When talking about high-scale systems, you can hear a fault-tolerant system. See the description of the Elixir programming language:
Elixir is built on the top of the Erlang VM, known for running low-latency, distributed and fault-tolerant systems, while also being successful in web development and embedded systems. [adapted and translated from elixir-lang.org ]
But I do not understand what a system means to have this feature. Does it mean that the system can recover from failures? What kind of failures should be covered for a system to be fault tolerant? And what strategies are used for a system to be fault tolerant?
It is a characteristic of systems that are able to continue operating in a more or less normal way regardless of any faults in any of the parts necessary for its operation.
How to get this feature varies, and may involve hardware or software solutions. Almost always tolerance is obtained with some reservation system, replication, mirroring, redundancy, or something, it also usually has some sort of monitoring and scheduling when there is something wrong. But one way to help is to write codes that are robust, that is, they are always prepared for a fault to occur and can do something useful with it. But remember that tolerance will often be due to the infrastructure adopted.
In software solutions, you often anticipate problems and do not let them happen or after you happen to have some way that allows you to reexecute or depart to another form that delivers the desired result. A simple system that detects errors in the software and gives a solution can already be considered fault tolerant at some level. Usually we only use the term when everything is resolved without direct human intervention.
In general this tolerance is somewhat limited and in each situation it is made explicit in which cases the operation can continue normal. Obviously it always has fault levels and the more tolerant of all kinds of failures the system needs to be, the more complex it will be, in some cases they can only be tolerant with much replication in parts of the world. In others only having a way to solve if one of the software of the solution fails another solves the work or gives some useful result anyway.
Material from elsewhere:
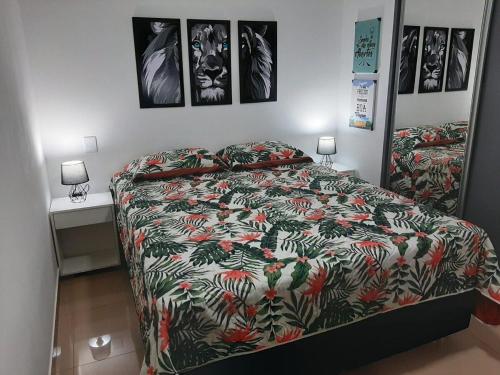 a bedroom with a bed with a colorful comforter at Ribeirania-Zeus 67-Garagem-WIFI-Pet Friendly in Ribeirão Preto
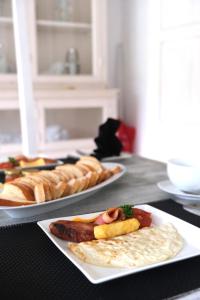 two plates of food on a table with bread at W15 Escape in Ahangama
So the term is often used as marketing when it does not specify the level of tolerance.
There is no guarantee that tolerance will allow normal operation at all times, only that it will not stop altogether. In some cases delivering the result is neither the intention, just not stopping working is already a good goal.
It is important that anything wrong occur in the middle of the failure process that can be reversed or can be contained without contaminating other parts.
Some mechanisms are quite sophisticated, complex, and expensive.
There are no tools that do this magically as some might want. Of course, you can hire some service that will give you something ready, but you will never get it without great effort from someone.
For all this it is difficult to talk about specific types of failures and strategies, each solution happens in a way according to each type of system.